■ **EXERCISE PROMPT**
From the line containing "Huawei представила инновационные" through the last line below, copy every line exactly, leaving out the pictures.

■ **DATASET EXCERPT**
§

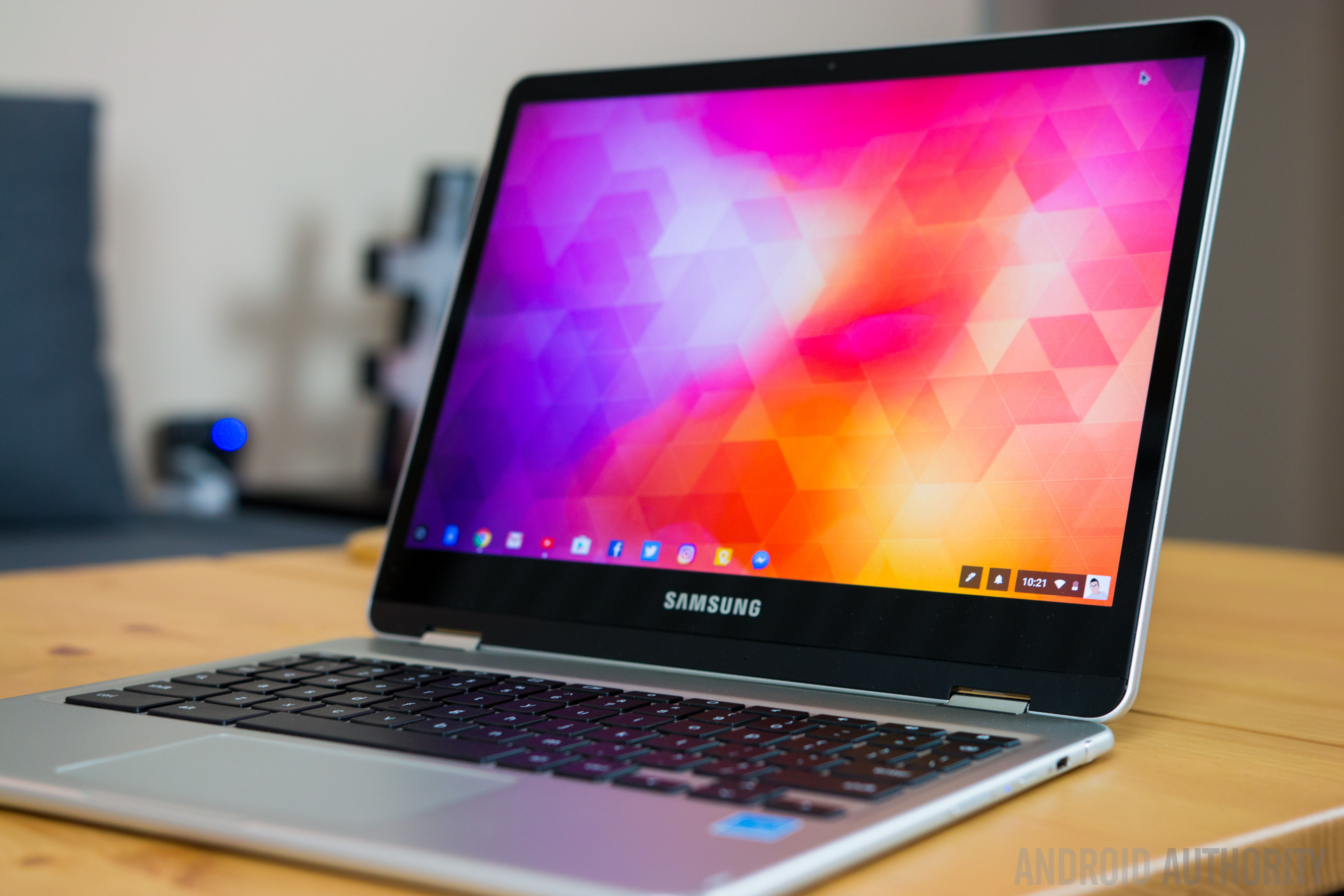 There is no reason why a $1,000 Chromebook should exist ...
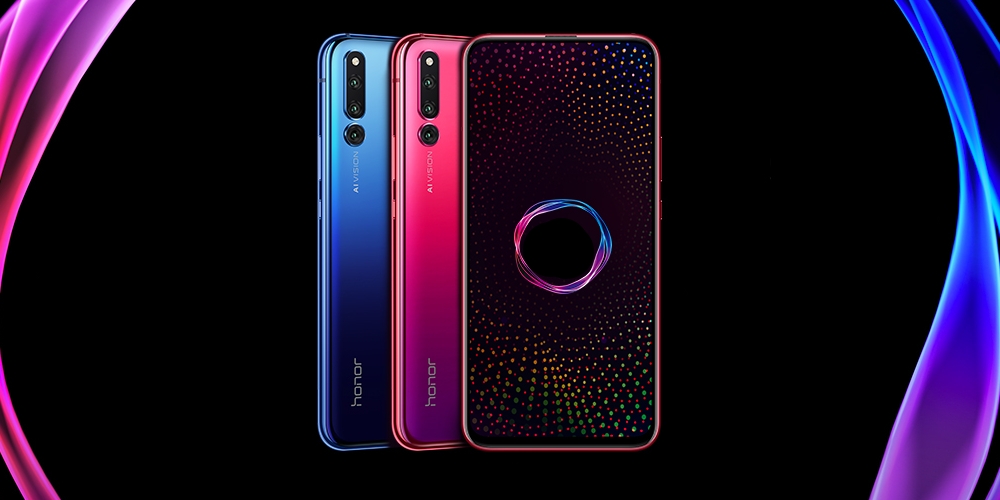 Huawei представила инновационные устройства: смартфон с слайдером, умные часы и беспроводные наушники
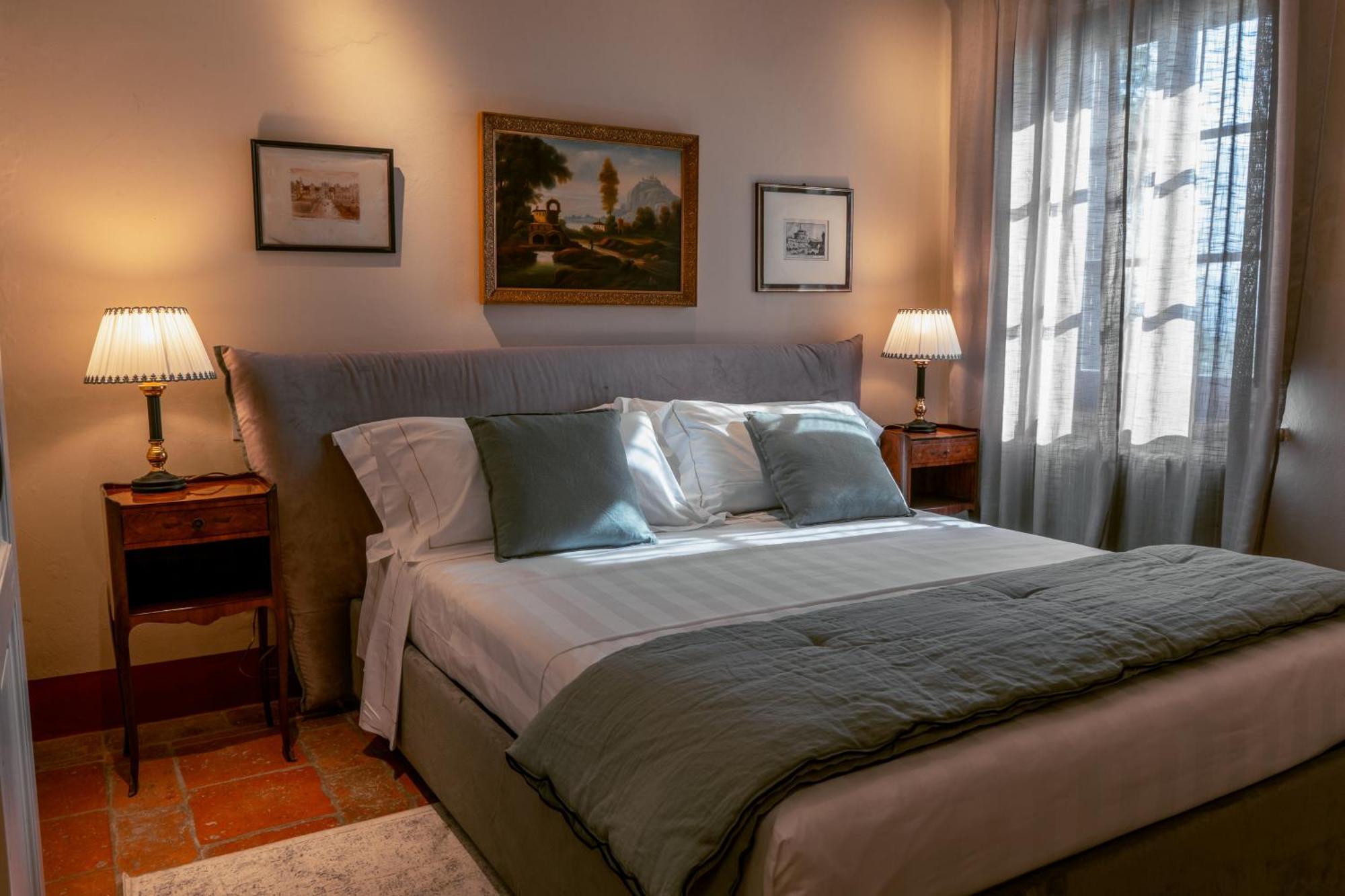 Equo Suites Petrignano Del Lago 외부 사진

§

■ **TASK RESULT**
 Huawei представила инновационные устройства: смартфон с слайдером, умные часы и беспроводные наушники
 Equo Suites Petrignano Del Lago 외부 사진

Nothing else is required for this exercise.